We spent each morning in theatre and I joined her in consulting rooms and urodynamics in the afternoons. While we barely touched on basics of simple cases such as stress incontinence, the focus remained on the diagnostic dilemmas, the management failures and the operative challenges faced in complex female urology. This was an intensive masterclass delivered by a passionate and tireless teacher. I don’t recall a moment passing by without a learning point or clinical tip. Operative cases included mid-urethral mesh sling, fascial sling, Interstim insertion, prolapse repair and urethral bulking. Clinical cases varied from refractory OAB in the elderly using posterior tibial nerve stimulation to severe end-stage OAB with multiple comorbidities considering diversion.

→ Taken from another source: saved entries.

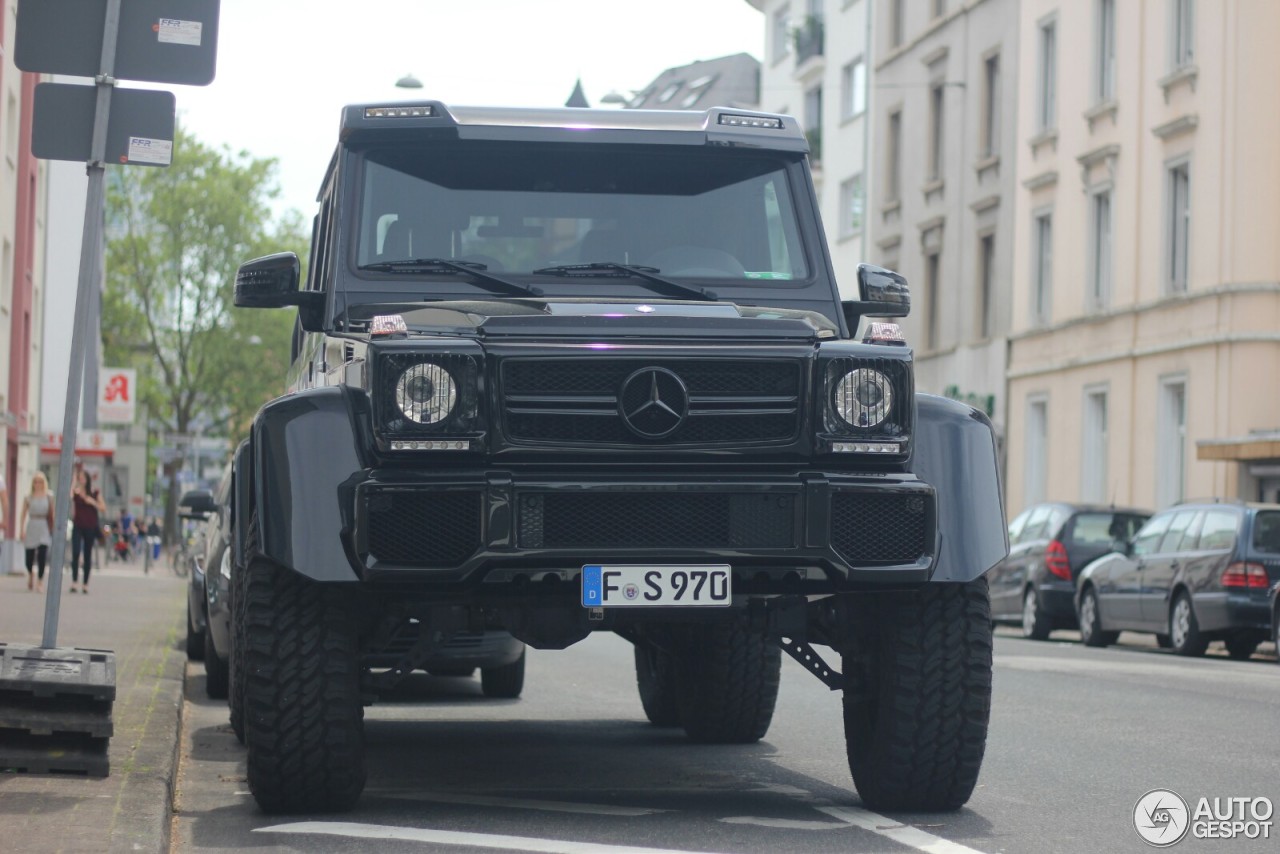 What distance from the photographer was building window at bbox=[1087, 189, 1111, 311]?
3609cm

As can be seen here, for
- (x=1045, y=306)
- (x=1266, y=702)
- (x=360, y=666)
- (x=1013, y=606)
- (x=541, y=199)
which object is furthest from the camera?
(x=1045, y=306)

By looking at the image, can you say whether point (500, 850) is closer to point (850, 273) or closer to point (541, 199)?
point (541, 199)

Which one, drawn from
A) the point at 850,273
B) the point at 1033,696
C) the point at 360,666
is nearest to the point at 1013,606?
the point at 1033,696

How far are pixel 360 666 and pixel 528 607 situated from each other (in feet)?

This brief but intensive preceptorship was a superb way to “top up” knowledge, skills and confidence in dealing with complex female urology. While there is endless value in attending world-class workshops such as AUA and other international meetings there is also a rich bank of knowledge and experience right here on our doorsteps of which I was most fortunate to take advantage. I am greatly indebted to Dr Sam Pillay for so generously sharing her time and wisdom. My sincere thanks also go to Astellas for their support and organisation of this valuable learning experience."
"I write to express my appreciation to yourself and Astellas for allowing me to be the first to participate in the National Preceptorship programme. Spending two days with you allowed me to consolidate much of what I had learnt about incontinence and female urology in my urological training. I am truly grateful for being able to up-skill with one of Australia's leading urologists in the field. It came at a timely moment, as I learnt not only clinical and operative skills, but how to run a practice effectively for better care and comfort of patients. Since returning to Perth, I have applied what I learnt from you in so many ways. I wish you all the best and hope that you will continue to inspire young surgeons like me."